Out of the box, these catalogs are available to every workspace on the same metastore (except for the “Workspace Catalog” which is a catalog that gets created for all new workspaces and is scoped to only that workspace by default). Administrators can tighten this by binding objects to specific workspaces. Once bound, the restriction is absolute: A user with full privileges on a catalog is still denied access if they’re working from an unbound workspace. Essentially, no grant overrides a missing binding. Bindings can also be set to read-only, which further supports clean environment isolation: One example would be letting users in a development workspace query data in a production Catalog without any possibility of modifying it. Once a Catalog is bound to one or more workspaces, then one can define specific privileges on the data.
One important thing to note: Binding isn’t limited to catalogs. External locations and storage credentials can be bound to workspaces in a similar fashion. This matters for environments that share cloud storage, so you can enforce that only the production workspace can use the production storage credential.
Overview of Privileges in Databricks
Privileges in Unity Catalog are hierarchical and cascade downward: Granting a privilege at the catalog level automatically extends it to all current and future child schemas and objects. This applies to all privileges, including gating privileges like USE_CATALOG and USE_SCHEMA.
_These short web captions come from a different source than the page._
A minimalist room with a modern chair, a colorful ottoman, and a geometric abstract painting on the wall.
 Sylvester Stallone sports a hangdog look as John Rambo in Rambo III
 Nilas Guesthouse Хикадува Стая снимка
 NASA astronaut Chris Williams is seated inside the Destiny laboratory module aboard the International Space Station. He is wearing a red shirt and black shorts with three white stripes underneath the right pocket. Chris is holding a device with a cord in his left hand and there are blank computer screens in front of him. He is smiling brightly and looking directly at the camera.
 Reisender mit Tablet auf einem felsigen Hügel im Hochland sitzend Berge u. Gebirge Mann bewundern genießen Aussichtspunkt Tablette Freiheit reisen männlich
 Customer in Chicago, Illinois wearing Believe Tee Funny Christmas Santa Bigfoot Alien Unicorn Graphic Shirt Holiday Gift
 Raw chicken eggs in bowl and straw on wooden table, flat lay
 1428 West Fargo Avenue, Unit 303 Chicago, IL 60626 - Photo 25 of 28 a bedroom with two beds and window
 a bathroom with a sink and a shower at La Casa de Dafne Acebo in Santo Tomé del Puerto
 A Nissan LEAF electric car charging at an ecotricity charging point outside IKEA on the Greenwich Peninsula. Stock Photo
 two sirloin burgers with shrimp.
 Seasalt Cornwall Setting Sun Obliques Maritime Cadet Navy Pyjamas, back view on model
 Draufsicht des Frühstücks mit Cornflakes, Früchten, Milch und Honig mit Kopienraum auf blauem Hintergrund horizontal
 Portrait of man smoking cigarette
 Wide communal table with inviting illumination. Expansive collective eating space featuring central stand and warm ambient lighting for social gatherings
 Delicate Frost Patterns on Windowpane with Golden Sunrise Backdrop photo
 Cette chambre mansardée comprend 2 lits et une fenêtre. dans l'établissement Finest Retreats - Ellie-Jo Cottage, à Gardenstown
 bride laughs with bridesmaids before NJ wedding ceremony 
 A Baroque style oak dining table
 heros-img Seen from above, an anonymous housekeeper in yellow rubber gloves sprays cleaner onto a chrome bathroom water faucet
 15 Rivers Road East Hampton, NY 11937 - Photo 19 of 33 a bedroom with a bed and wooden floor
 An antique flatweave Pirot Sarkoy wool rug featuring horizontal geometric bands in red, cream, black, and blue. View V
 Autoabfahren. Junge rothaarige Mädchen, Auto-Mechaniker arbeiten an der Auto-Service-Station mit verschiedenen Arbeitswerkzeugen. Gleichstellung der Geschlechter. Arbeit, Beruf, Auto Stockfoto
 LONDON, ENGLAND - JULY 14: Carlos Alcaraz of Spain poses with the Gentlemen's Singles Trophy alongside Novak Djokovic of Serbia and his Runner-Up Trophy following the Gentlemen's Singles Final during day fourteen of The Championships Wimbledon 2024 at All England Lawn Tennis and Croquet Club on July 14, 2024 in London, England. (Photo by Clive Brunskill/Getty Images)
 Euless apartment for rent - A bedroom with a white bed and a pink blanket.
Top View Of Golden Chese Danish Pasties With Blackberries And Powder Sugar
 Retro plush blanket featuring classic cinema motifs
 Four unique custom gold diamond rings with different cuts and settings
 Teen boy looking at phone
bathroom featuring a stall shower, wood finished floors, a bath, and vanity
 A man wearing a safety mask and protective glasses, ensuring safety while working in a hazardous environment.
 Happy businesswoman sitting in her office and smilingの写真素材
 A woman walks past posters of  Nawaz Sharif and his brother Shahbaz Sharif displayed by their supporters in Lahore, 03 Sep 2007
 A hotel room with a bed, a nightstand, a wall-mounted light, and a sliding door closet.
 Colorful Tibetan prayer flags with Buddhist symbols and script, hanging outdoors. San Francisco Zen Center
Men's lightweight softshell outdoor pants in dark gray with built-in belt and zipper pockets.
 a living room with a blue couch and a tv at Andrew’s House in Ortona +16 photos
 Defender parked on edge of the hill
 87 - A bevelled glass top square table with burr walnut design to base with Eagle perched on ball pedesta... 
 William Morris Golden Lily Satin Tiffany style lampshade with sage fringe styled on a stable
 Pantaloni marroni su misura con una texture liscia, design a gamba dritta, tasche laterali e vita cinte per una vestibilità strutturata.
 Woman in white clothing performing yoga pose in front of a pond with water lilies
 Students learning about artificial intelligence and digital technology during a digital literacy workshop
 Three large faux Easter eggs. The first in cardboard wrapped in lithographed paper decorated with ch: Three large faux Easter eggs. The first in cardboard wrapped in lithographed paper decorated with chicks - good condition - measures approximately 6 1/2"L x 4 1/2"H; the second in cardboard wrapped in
To read a table, a user needs three things: USE_CATALOG on the catalog the table lives in, USE_SCHEMA on the schema and SELECT on the table itself. All three must be in place for a query to succeed. The key thing to understand about USE_CATALOG and USE_SCHEMA is that they are gating privileges — they control whether a user can interact with that level of the hierarchy at all, but they do not by themselves grant access to data. A user with USE_CATALOG on prod_finance can see that the catalog exists and navigate into it, but they cannot read any tables unless they also have SELECT. Conversely, a user with SELECT on a specific table still cannot reach it unless the gating privileges are also in place. One exception: The BROWSE privilege bypasses the gating requirement for metadata discovery, letting users see that an object exists and view its metadata (description, columns, tags) — but not its actual data — without USE CATALOG or USE SCHEMA.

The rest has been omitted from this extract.